Even though most of us learn to put on a false front, for the most part that is only a façade to convince others as to what we want them to see in us. For the majority the real self is hidden very deep below that façade.
Normally, people only expose their tender under-belly to very intimate friends and loved ones, the reason being is because they dare not let anyone outside their inner circle see their vulnerability. When they don’t truly know what to expect from themselves they most certainly don’t want others to see them in a state of confusion or ignorance.
One of the main reasons we don’t know ourselves is because very few go on a deep soul-searching mission until something affects them, thereby causing them to introspect deeply. This could be a tragedy, a catastrophe, or the loss of someone close. As things drive us deeper inside we learn more about who we truly are.
Even though life is a constant learning situation, we never fully grasp everything. So much is left unexplored when we depart. Because of this one should learn to expect the unexpected so it doesn’t completely devastate you. The more you are humbled by life itself the more you learn to roll with its flow.
You would think that a greater number of younger people would grasp this wisdom earlier and thereby add more peace to their youth, but that is why the statement, “Youth is wasted on the young.”
Apparently there is no urgency to gain wisdom until something forces one to go on a soul-searching mission. Most people seem to need ample inspiration or motivation before they make the decision to cross over into the vast ocean wisdom. Without it there is another very popular axiom of which we are also quite familiar, “There's no fool like an old fool!”
As I sit here today and gaze back over more than a half-century I think of all the things that the nearly 62 year-old version of myself would say to an 18 year-old version of the same person. Since it would be me talking to me perhaps I may be inclined to listening and perhaps believing, but would I actually apply any of the wisdom that my older self would share with the younger me?

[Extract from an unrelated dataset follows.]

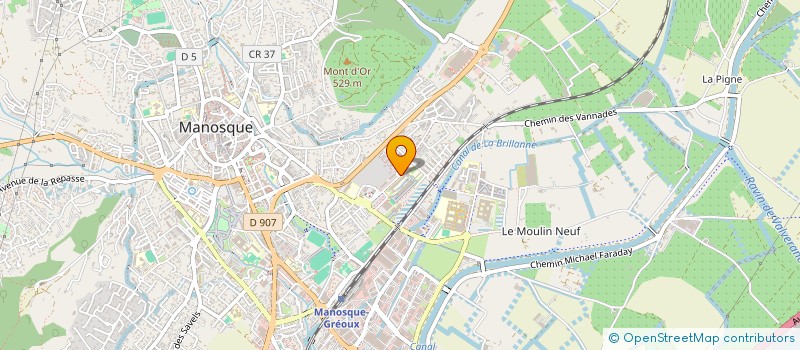 localisation de l'entreprise MONSIEUR IMAD BOUZELMAT à MANOSQUE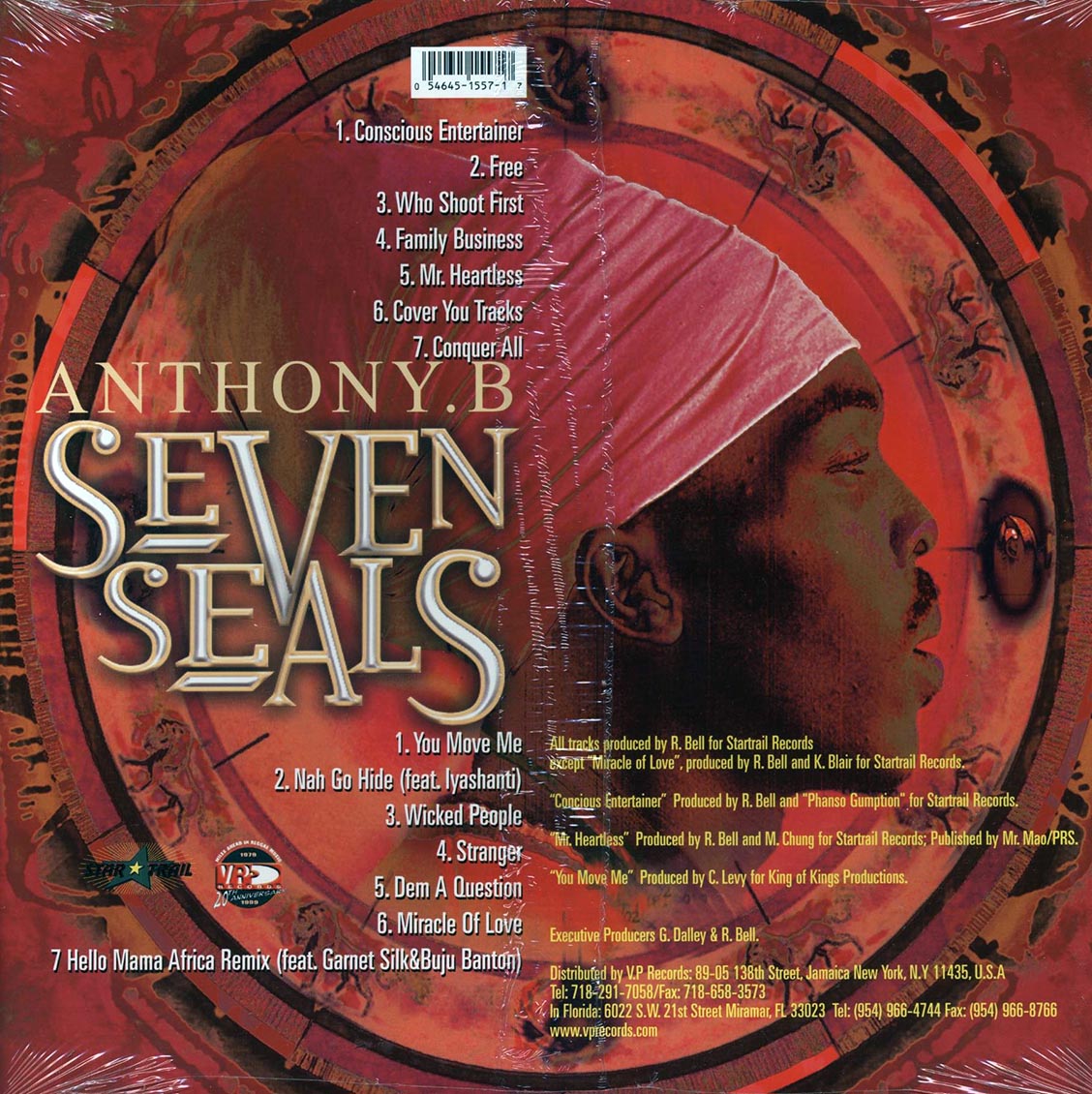 Anthony B - Seven Seals [B] [New]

For myself, getting to know my inner core has been very trying and in many ways difficult. Unfortunately I was the sort of chap that required the crash into a brick wall before I made the proper adjustments. I had to touch the hot fire before I accepted the fact that fire burns. I had to try my many foolish ideas or inclinations that were not thoroughly planned and failed several times before I did the prudent things.
I burned a few good relationships and friends before I learned to truly appreciate people in general. Today winning has a totally different result than it did several years back. I have learned even to appreciate small things today when I never truly appreciated things at least thrice their value back when I was young.
I’m not quite sure but perhaps there was a version of one's true self, way back in the beginning, but we somehow denied what was true in order to chase an image that was more popular and acceptable by society. We denied who we truly were in order to become what we thought would be more acceptable by others.
Perhaps in truth you don’t become someone new, but more like becoming who you truly were all along. Like a century-old oak true, even though it grows many more layers over the years the initial core remains the same, simply covered now by multiple layers.
Our initial core is still there, but it is likewise masked by the many layers we placed over it through the years. In order to find your core self you don’t need anything new, certainly not any more experiences, you only need to drop all the false pretenses you have been forcing the true self to accept as real. Drop them all and tell yourself that it is okay to be you. After all, that is how you were born into this world.
Find your core self. And if you don’t like what you find, change it to one that you can live comfortably with through the remainder of the time you are here in this corporeal body. Older people would tell you that truth, but you have to find a way to convince yourself to recognize, acknowledge, and accept wisdom.